Como efeito deste cenário contemporâneo de relações familiares que incluem PET´S, percebe-se a intensificação de disputas judiciais, de acordos e de defesa de interesses que os envolvam, não mais como simples objeto, mas se aproximando à figura de um quase sujeito de direito, em especial nos itens de guarda (com quem fica?), alimentos (quem paga quanto?), visitas (ao tutor não guardião, quando, quanto tempo etc.) e o direito de decidir sobre a condução da vida do PET, a exemplo de tratamentos de saúde, creche, psicólogo, adestramento, etc. 

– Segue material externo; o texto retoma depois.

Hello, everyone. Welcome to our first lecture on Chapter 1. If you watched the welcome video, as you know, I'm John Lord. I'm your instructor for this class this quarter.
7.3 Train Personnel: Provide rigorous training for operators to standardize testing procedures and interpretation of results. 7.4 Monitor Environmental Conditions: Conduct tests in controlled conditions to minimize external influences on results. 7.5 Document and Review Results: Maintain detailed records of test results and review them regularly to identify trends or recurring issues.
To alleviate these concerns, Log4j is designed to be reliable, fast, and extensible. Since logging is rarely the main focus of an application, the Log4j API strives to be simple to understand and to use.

Nesta esteira, recentemente, em dezembro de 2024, foi sancionada a Lei 15.046, que autoriza a criação do Cadastro Nacional dos Animais Domésticos, de responsabilidade de cada município, cujos benefícios esperados incluem maior segurança na identificação do PET, controle de zoonoses e proteção ao bem-estar do animal, auxiliando nas políticas públicas de combate aos maus tratos e abandono de animais. 

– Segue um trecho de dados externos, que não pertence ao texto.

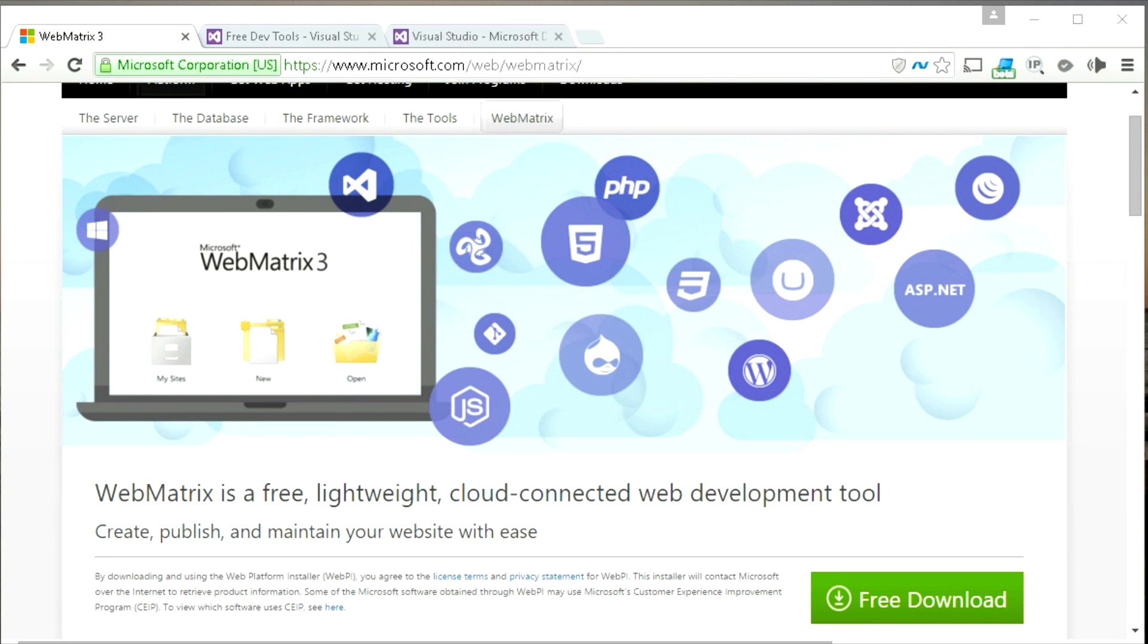Hello, welcome to Orchard Beginner. In this video, we will be talking about what software to use with Orchard CMS.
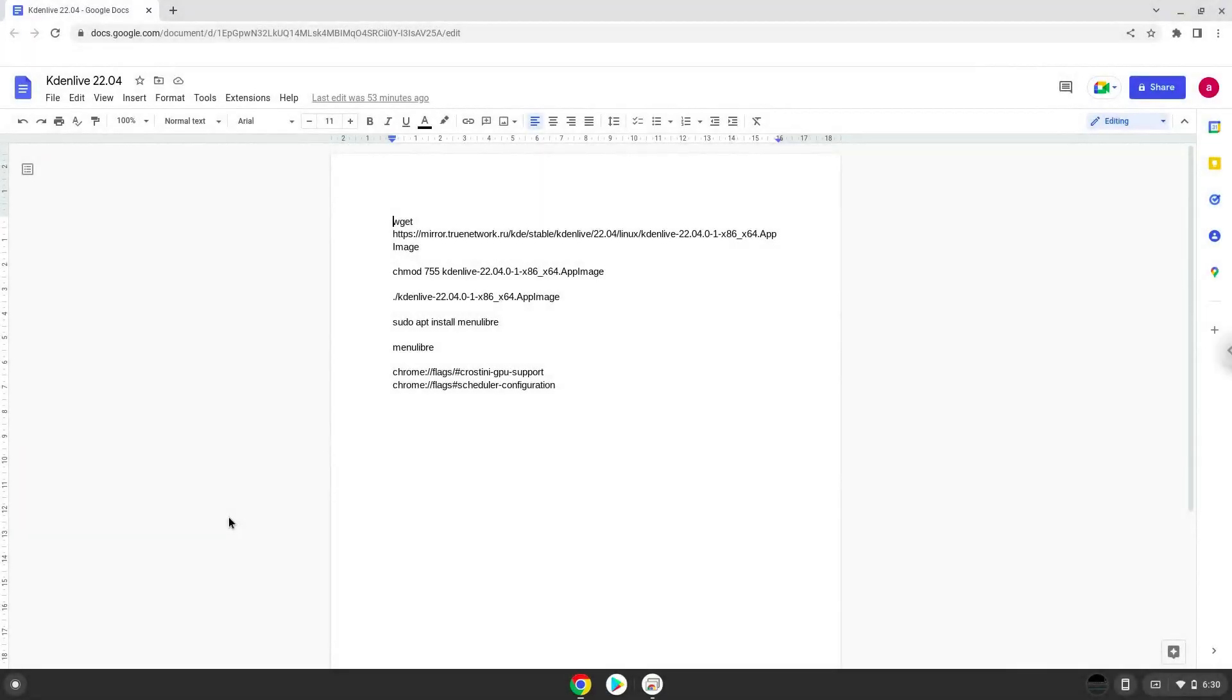Hello. Today we are looking at how to install Kdenlive 22.4 on a Chromebook.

No cadastro, constarão informações tais como (artigo 2º, IV, da Lei 15.046/24):

  1. a) o número da carteira de identidade e do Cadastro de Pessoas Físicas da Secretaria Especial da Receita Federal do Brasil do proprietário do animal;
  2. b) o endereço do proprietário;
  3. c) o endereço onde o animal é mantido e sua procedência;
  4. d) o nome popular da espécie, a raça, o sexo, a idade real ou presumida do animal, as vacinas aplicadas e as doenças contraídas ou em tratamento;
  5. e) (VETADO);
  6. f) o uso de chip pelo animal que o identifique como cadastrado;

Chama atenção o fato de que, de acordo com esta lei, caberá ao proprietário informar qualquer alteração no cadastro, inclusive eventual morte do animal e a causa, ou seja, semelhando ao registro civil das pessoas naturais, onde há certidão de nascimento, informações de casamento, divórcio e o óbito.

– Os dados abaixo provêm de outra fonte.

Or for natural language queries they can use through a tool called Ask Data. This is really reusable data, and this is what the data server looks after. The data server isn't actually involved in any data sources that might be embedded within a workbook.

Resultado desta oficialização de registro e de controle da identidade dos PET´s, ainda que não obrigatória, em disputas sobre a guarda (não a posse) dos PET´S, eles serão identificados não só pelo “apelido”, mas também com nome e sobrenome, proprietário(s), raça, sexo, idade e características em geral, anexando-se o respectivo documento e havendo mudança de endereço ou do tutor guardião, bem provável será emitido ofício à Municipalidade, para que proceda a devida averbação no Cadastro Nacional dos Animais Domésticos e, quem sabe em breve, o tutor não guardião, pagador de pensão alimentícia, poderá se utilizar do benefício de declaração de dependentes, também para efeitos fiscais.

A família e suas características são retratadas conforme o movimento social e os anseios da comunidade, cuja resposta vem na forma de lei e de decisões judiciais. Amor e afeto são características humanas e os animais respondem muito bem a estes anseios, como no caso do Billi, o papagaio PET.